AIM OF THE EXERCISE =
Pictures excluded, please retype exactly the lines from the start of the data through the line that contains "Allée ensoleillée bordée", both ends kept, and nothing beyond them.
*** Block opens ***
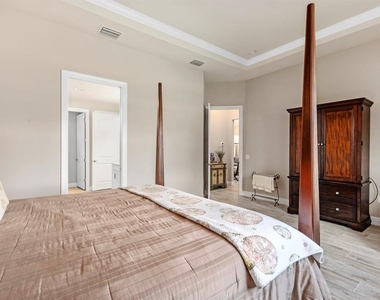 5610 Rain Lily Court - Photo Thumbnail 12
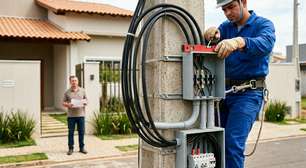 Quanto um eletricista de alta tensão cobra para instalar um padrão bifásico de entrada de energia homologado em 2026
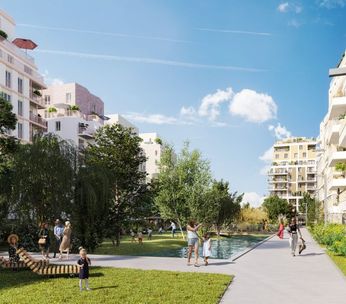 Allée ensoleillée bordée d'immeubles résidentiels et d'arbres verts, avec pelouse et bancs publics.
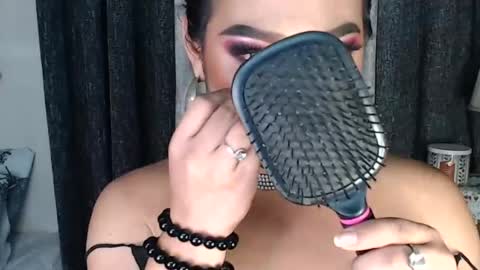 sexdrivezebbianax online show from 06.11.26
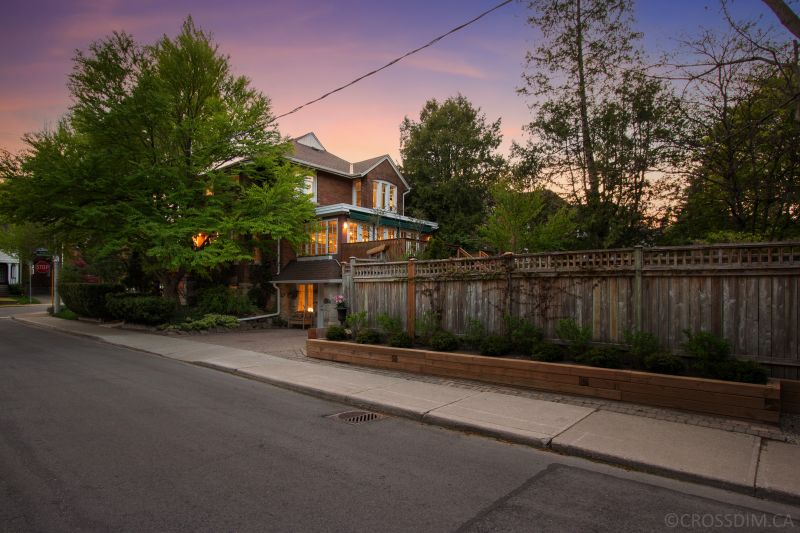 39 Acacia Road, Toronto, ON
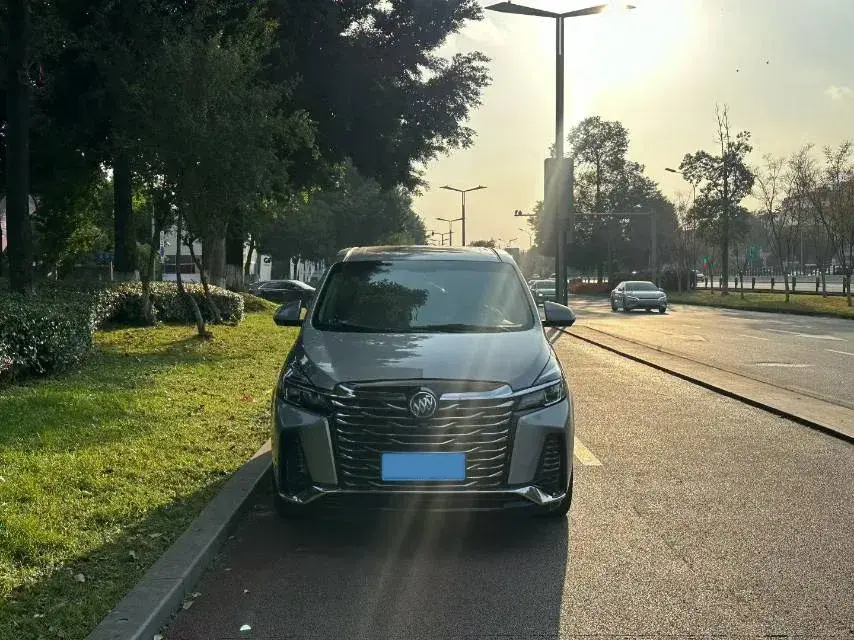 2023 BUICK GL8 thumbnail 2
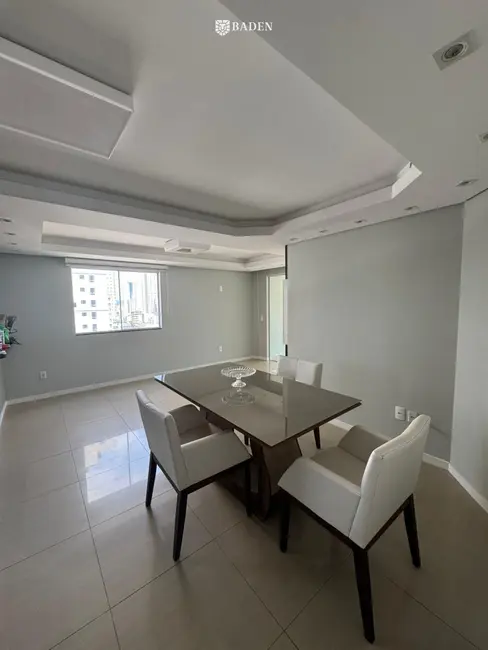 Foto 4 de Apartamento com 3 quartos para alugar, 127m2 em Centro, Balneario Camboriu - SC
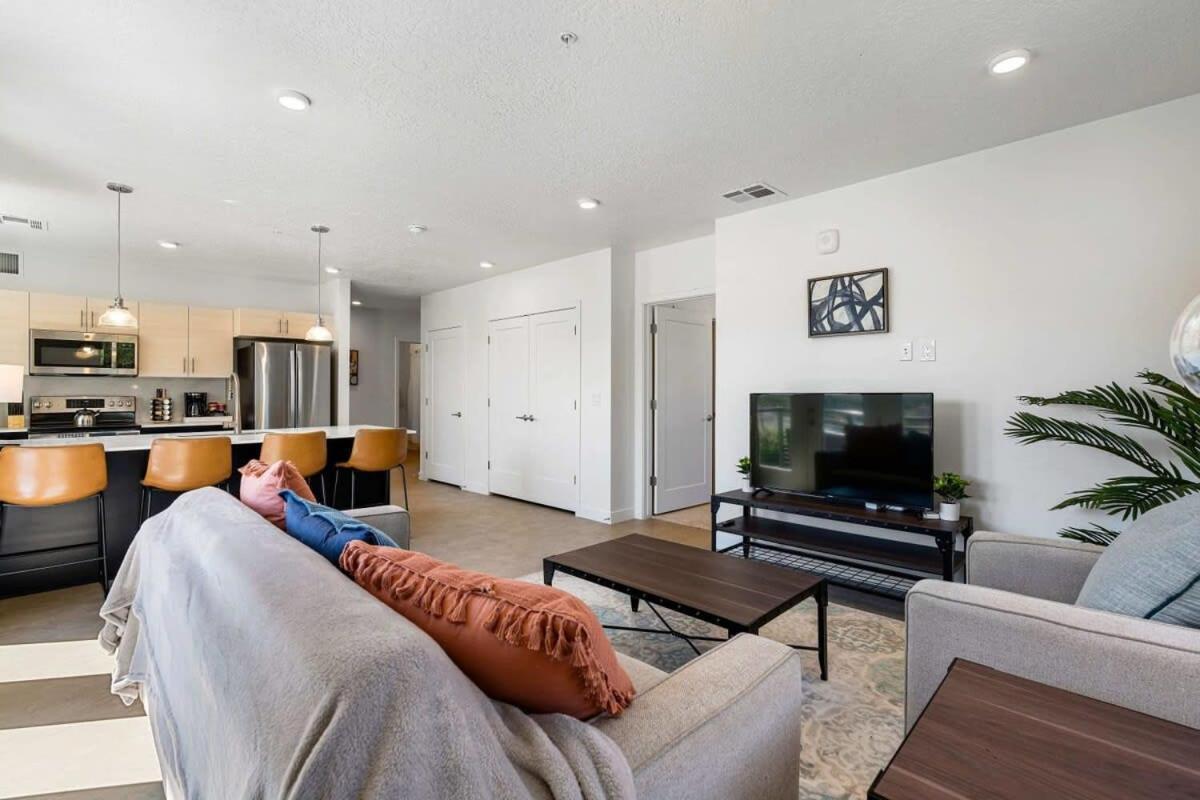 2Br Luxury Urban Escape Balcony & Fitness Center Apartment Salt Lake City Luaran gambar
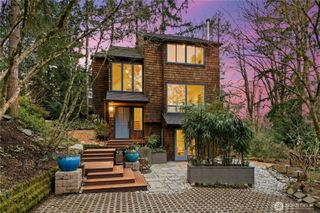 373 Mount Defiance Circle SW, Issaquah, WA 98027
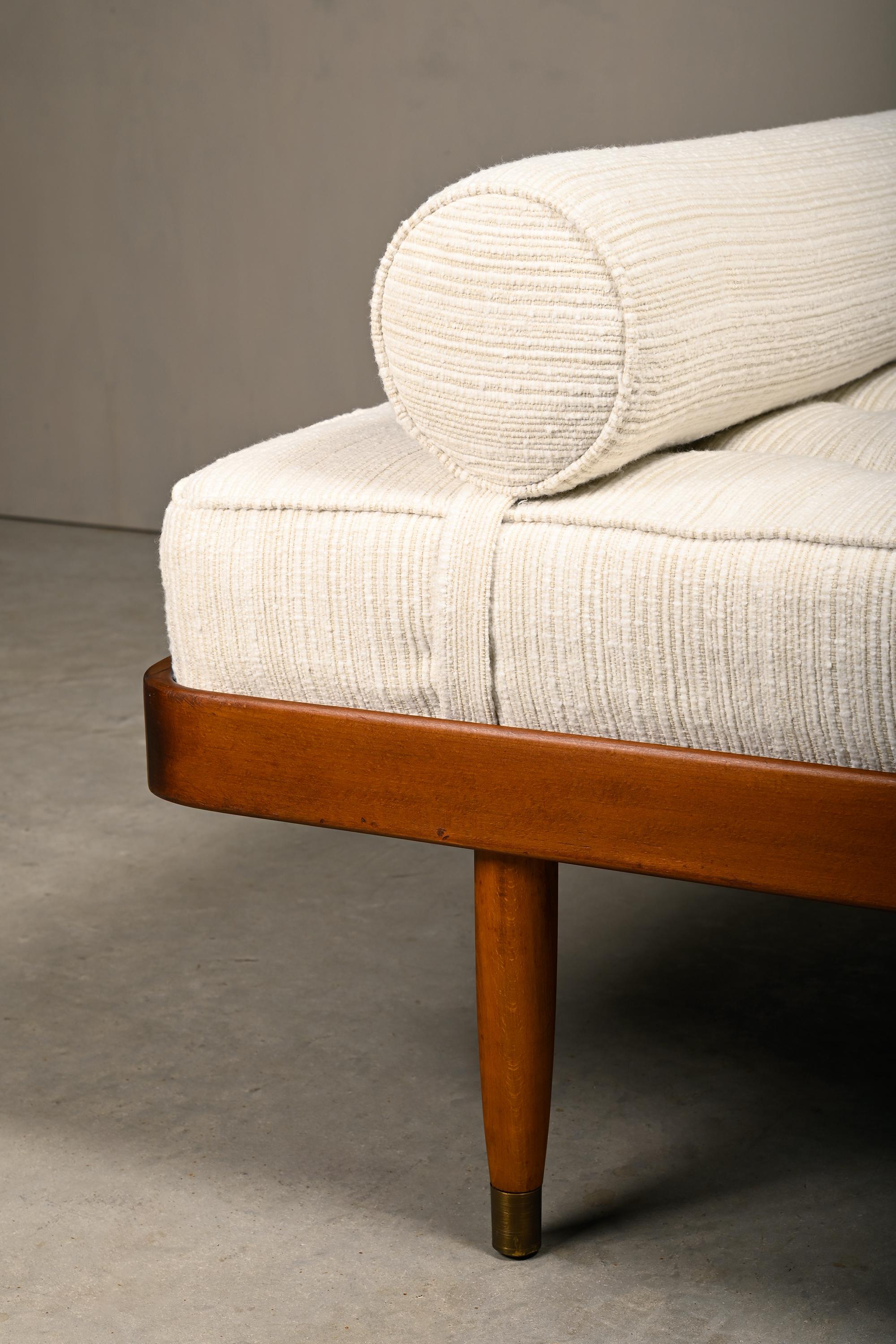 Daybed escandinavo en madera teñida y tela para Horsens Møbelfabrik, Dinamarca en Bueno estado para la venta en Amsterdam, NL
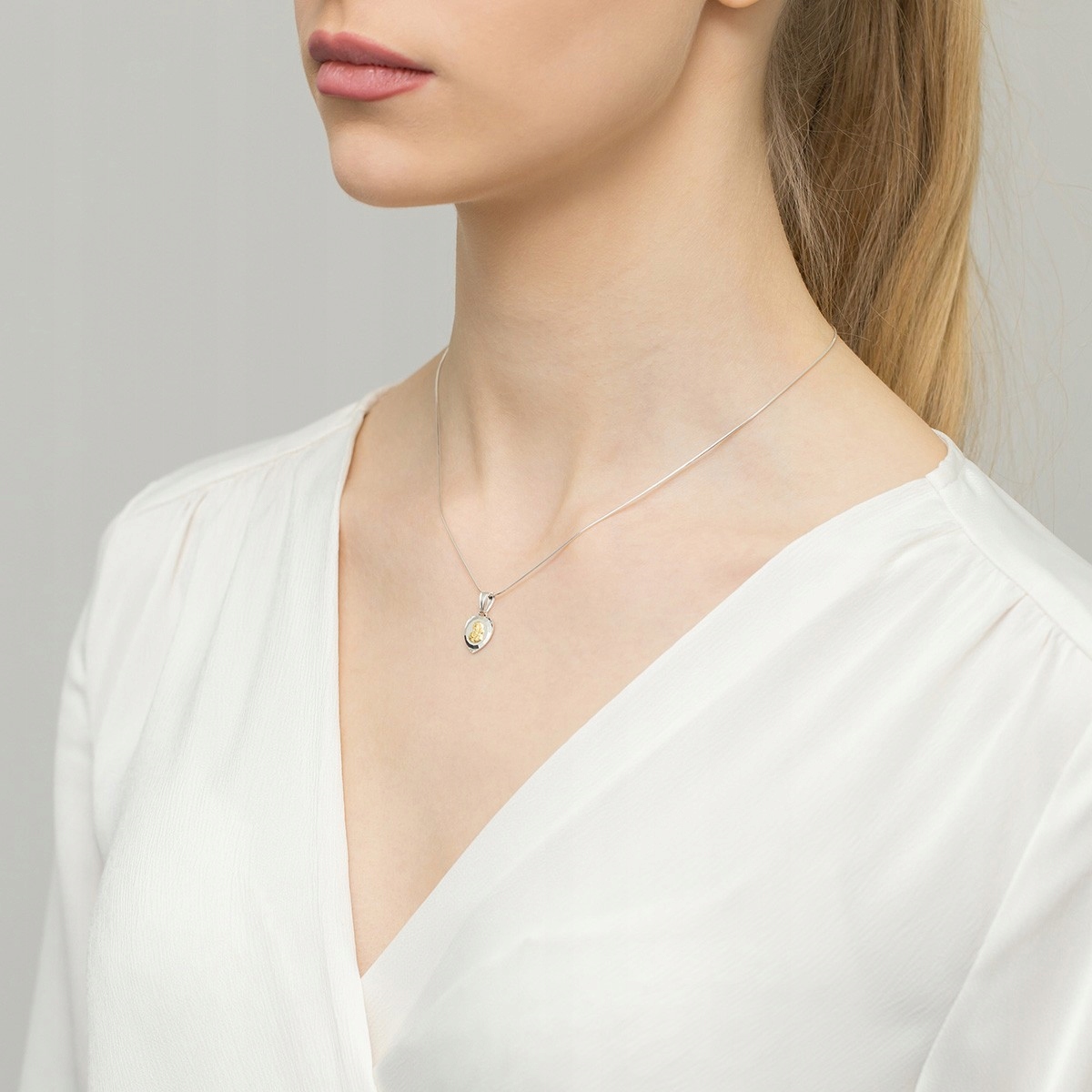 SREBRNY MEDALIK pr. 925 MATKA BOSKA CZĘSTOCHOWSKA Marka Marko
*** Block closes ***
ANSWER SECTION =
 5610 Rain Lily Court - Photo Thumbnail 12
 Quanto um eletricista de alta tensão cobra para instalar um padrão bifásico de entrada de energia homologado em 2026
 Allée ensoleillée bordée d'immeubles résidentiels et d'arbres verts, avec pelouse et bancs publics.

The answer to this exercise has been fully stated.